The boy’s name was Lindfield, two school years above him, but already as big as an adult. “Look at your tie. I mean, look at it.” Lindfield pulled at Richard’s green tie, pulled it tight into a hard little knot. “Pathetic.”

Lindfield and his friends wandered off.

Elric of Melnibone was standing by the redbrick walls of the school building, staring at him. Richard pulled at the knot in his tie, trying to loosen it. It was cutting into his throat.

His hands fumbled around his neck.

He couldn’t breathe; but he was not concerned about breathing. He was worried about standing. Richard had suddenly forgotten how to stand. It was a relief to discover how soft the brick path he was standing on had become as it slowly came up to embrace him.

They were standing together under a night sky hung with a thousand huge stars, by the ruins of what might once have been an ancient temple.

Elric’s ruby eyes stared down at him.

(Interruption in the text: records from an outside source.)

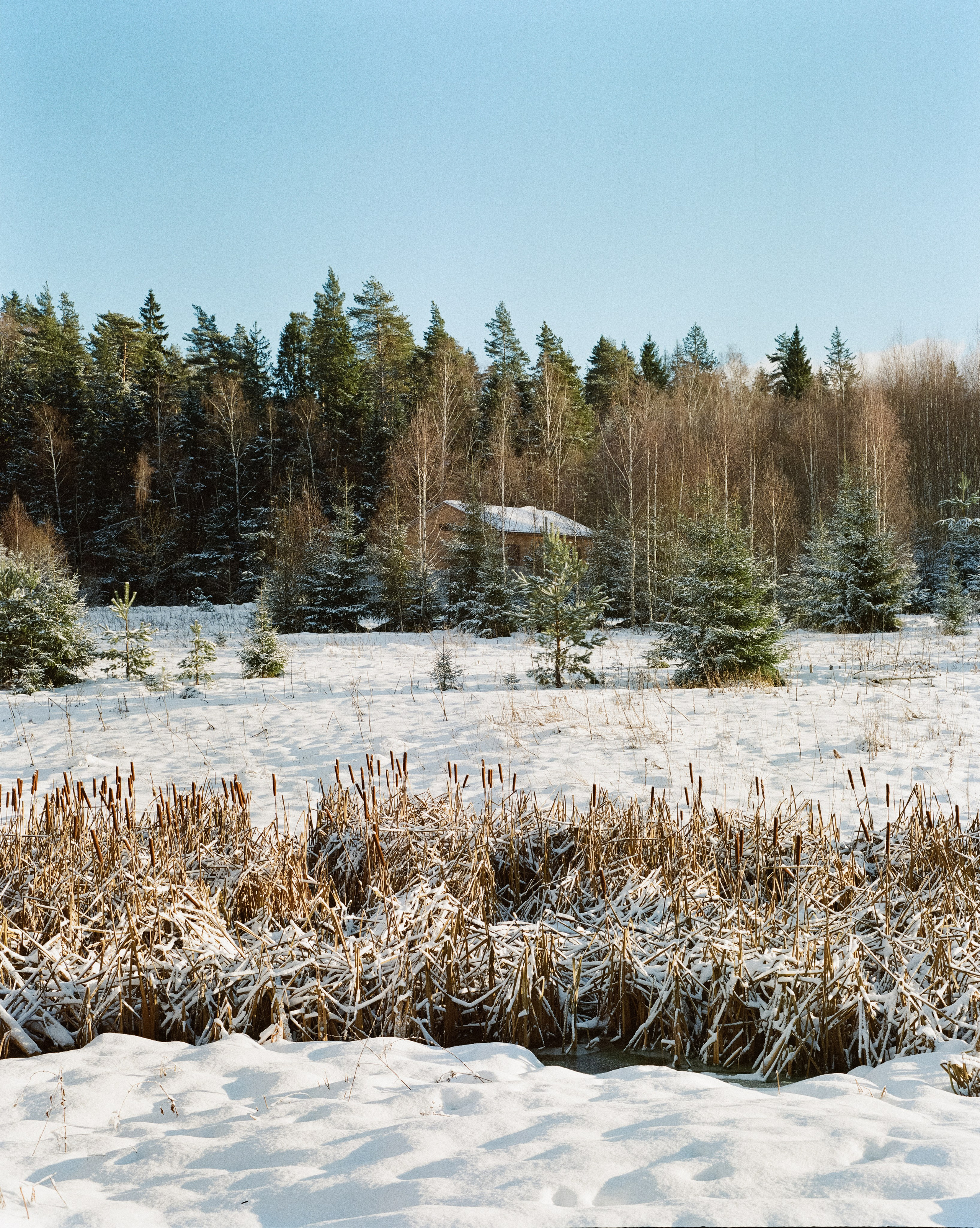 Pentax 67 — SMC Pentax 67 105 mm f/2.4 / Kodak Portra 800 / 3 января Лукино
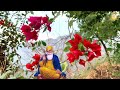 Sukhmani Sahib da Path in Heart touching Voice | Ek Onkar Mp3 Song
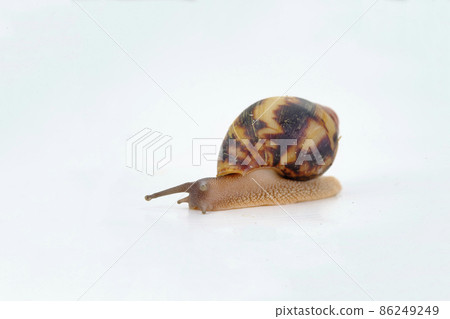 African snail Archachatina Egregia with Dark Taurus against the background of a large dark shell, originally from Africa 86249249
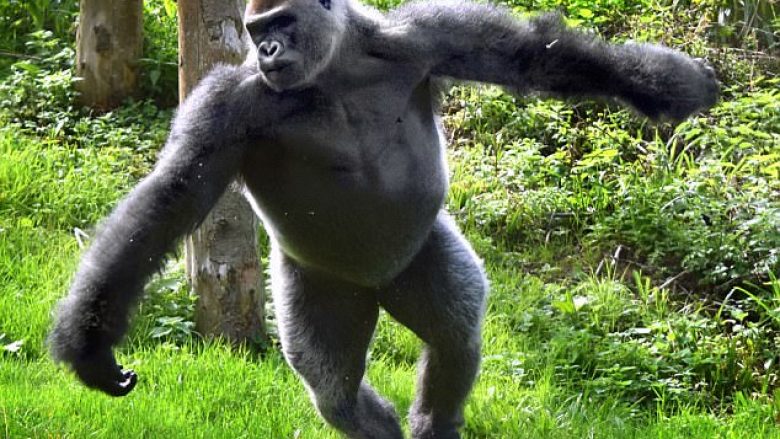Majmuni befason me lëvizje sikur vallëzim baleti (Foto)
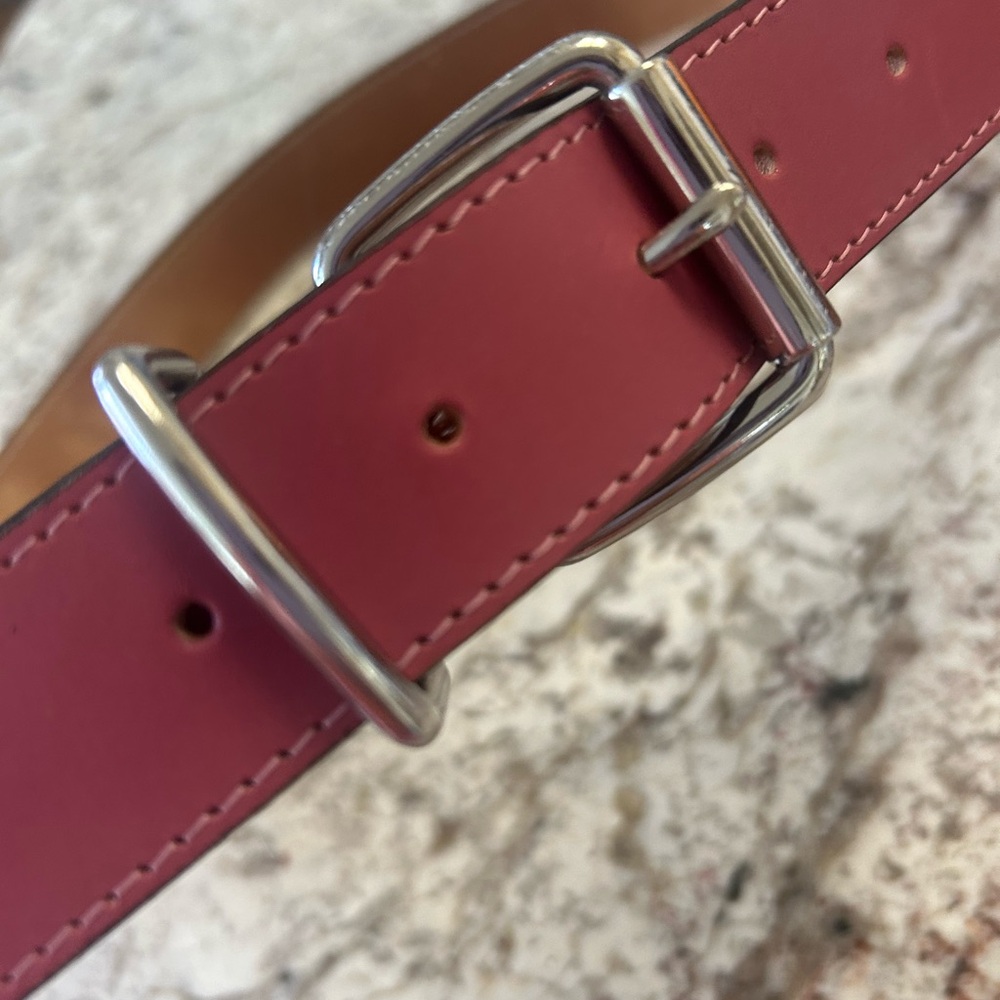 Banana Republic Pink Leather Belt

They looked, Richard thought, like the eyes of a particularly vicious white rabbit that Richard had once had, before it gnawed through the wire of the cage and fled into the Sussex countryside to terrify innocent foxes. His skin was perfectly white; his armor, ornate and elegant, traced with intricate patterns, perfectly black. His fine white hair blew about his shoulders as if in a breeze, but the air was still.

—So you want to be a companion to heroes? he asked. His voice was gentler than Richard had imagined it would be.

Richard nodded.

Elric put one long finger beneath Richard’s chin, lifted his face up. Blood eyes, thought Richard. Blood eyes.

—You’re no companion, boy, he said in the High Speech of Melnibone.

Richard had always known he would understand the High Speech when he heard it, even if his Latin and French had always been weak.

— Well, what am I, then? he asked. Please tell me. Please?